色については、プロダクションよりも先に撮影監督や照明技師とたくさん話し合って「この作品を女性の色でいっぱいにしたい」と伝えました。ピンクや紫のような色を使って、女性を打ち出したかった。彼らは、「いいね!」って感じで協力してくれました。初日に照明技師が美しいライトを持ってきて、現場の奥の方で床を行ったり来たりするようにライトを吊るして揺らしていたんです。彼が「これでは奇妙すぎる?」と言ったので、私は「変かどうかなんて気にしないで。その奇妙さに身を委ねて」と答えました。この映画を理解できないと退席する人もいるかもしれないし、また逆に理解してくれる人もいるでしょう。でも兎にも角にも、こうして音楽も色も深く浸透させたシネマというアートを作ったんです。

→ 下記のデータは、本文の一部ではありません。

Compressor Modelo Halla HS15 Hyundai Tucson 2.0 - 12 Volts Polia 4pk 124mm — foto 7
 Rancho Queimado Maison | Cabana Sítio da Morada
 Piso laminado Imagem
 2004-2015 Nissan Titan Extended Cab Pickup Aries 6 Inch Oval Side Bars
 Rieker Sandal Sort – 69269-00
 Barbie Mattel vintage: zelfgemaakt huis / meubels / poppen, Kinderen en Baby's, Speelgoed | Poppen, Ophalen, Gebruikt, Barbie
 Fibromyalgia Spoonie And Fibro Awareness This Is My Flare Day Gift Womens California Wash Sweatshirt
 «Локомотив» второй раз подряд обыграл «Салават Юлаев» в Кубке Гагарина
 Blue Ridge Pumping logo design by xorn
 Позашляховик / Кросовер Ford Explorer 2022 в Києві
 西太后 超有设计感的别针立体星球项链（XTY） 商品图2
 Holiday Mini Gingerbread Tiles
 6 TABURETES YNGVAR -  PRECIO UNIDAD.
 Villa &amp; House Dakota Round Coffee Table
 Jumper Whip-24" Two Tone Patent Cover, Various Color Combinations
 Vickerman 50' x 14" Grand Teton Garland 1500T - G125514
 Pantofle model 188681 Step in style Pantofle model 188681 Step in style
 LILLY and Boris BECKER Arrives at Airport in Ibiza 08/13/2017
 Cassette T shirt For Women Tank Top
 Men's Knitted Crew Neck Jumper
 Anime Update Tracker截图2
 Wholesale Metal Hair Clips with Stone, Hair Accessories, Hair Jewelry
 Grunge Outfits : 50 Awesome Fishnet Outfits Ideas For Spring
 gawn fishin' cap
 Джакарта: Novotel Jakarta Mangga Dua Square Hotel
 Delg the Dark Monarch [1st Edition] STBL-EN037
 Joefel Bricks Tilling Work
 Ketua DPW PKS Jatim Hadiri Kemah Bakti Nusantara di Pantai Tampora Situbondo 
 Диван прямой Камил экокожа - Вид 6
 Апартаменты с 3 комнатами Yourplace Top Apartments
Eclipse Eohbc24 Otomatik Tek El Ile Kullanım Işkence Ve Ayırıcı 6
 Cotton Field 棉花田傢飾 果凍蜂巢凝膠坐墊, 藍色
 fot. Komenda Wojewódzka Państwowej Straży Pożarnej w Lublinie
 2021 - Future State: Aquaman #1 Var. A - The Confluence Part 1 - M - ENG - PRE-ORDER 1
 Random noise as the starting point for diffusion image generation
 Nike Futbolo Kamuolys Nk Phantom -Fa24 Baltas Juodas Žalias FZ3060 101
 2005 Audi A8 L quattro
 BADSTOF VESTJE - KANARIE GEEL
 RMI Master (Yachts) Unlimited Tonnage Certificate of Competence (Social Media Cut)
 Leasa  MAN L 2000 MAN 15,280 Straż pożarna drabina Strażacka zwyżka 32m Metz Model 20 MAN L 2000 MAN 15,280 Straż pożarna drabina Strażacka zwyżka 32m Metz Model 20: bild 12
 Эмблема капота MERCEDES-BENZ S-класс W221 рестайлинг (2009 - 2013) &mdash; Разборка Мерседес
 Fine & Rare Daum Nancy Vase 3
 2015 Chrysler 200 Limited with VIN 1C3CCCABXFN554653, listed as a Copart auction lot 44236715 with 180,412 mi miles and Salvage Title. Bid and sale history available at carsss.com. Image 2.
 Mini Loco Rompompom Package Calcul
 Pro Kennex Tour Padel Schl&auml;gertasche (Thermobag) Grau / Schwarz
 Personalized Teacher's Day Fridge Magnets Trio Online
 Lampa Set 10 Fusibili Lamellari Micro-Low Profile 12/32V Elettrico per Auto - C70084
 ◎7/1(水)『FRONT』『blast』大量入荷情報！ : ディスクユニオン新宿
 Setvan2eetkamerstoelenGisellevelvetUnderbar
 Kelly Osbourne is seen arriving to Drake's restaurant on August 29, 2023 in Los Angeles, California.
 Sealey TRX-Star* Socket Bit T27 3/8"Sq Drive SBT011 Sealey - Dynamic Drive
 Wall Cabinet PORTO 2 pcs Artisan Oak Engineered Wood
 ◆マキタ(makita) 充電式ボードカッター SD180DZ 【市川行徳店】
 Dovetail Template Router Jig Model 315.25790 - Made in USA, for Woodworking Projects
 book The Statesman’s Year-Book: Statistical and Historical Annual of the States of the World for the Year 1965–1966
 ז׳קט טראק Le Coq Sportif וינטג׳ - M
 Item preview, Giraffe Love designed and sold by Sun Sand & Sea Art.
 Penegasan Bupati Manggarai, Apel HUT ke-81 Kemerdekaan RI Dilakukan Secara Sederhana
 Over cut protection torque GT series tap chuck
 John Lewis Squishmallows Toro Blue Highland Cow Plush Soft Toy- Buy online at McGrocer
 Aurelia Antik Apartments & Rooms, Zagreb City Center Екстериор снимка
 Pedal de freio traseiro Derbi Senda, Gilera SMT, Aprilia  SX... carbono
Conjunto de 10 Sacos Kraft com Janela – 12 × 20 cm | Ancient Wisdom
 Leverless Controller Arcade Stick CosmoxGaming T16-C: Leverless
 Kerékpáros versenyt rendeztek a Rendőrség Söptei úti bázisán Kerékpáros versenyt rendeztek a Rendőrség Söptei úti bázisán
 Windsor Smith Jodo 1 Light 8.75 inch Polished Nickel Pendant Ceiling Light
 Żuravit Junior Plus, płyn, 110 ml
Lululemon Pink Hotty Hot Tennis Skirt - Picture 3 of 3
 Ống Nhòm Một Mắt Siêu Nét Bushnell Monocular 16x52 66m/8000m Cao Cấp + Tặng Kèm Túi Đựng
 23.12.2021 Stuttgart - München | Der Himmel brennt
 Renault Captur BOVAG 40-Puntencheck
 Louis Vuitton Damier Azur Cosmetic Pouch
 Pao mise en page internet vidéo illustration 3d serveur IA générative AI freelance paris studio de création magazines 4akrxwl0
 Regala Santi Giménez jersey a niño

―――血が輝くシーンについても詳しく教えてください。


Jennifer Reeder : 私は、死んだ少女が脚本の筋の大きな部分を占めるフェミニスト映画を作りたかったんです。ここファンタスティックフェスティバルにいる私たちは、みんなジャンルムービーが好きですよね。でも、「死んだ少女たち」というのは多くのジャンルムービーにおいて問題のある比喩表現になっています。だから、私は意志や行動する力、オーラを持っている死んだ少が登場する映画を作りたかった。
Carolynがある男の子の頭に“C”というイニシャルを刻んだら、真っ赤な血が滲む“C”の文字によって、彼女が「私は生きている」というメッセージを発しているように見えます。のちに、私たちはCarolynの死を知ることになりますが、彼の頭についたCの傷は治らないのです。彼には彼女の死に対する責任はないけれど、作品を通してCarolyn Harperに意志と力があることを示したかったんです。彼女の血が流れる時、彼女のメガネも光るようにしました。メガネの輝きは、タイガーシャツの話と関係しています。私は宗教的な人間ではないけど、形而上学を信じています。私たちはみんなお気に入りのシャツや靴を持っているでしょう。あなたが寝ている間も、そのアイテムたちはあなたに良い影響を与えているはずです。眠りから目覚めた時に、「とても気分がいい。なんでだろう」と感じるとしたら、自分の周りのお気に入りの物が自分の精神に影響を与えているからなのです。逆もまた同様にね。私たちは亡くなった人の持ち物を保管する習慣がありますが、そういった持ち物はまるでその人の一部のように感じるでしょう。そういう風に、私たちの周りにある特に輝いているものにはエネルギーや敬意や誇りが込められているはずです。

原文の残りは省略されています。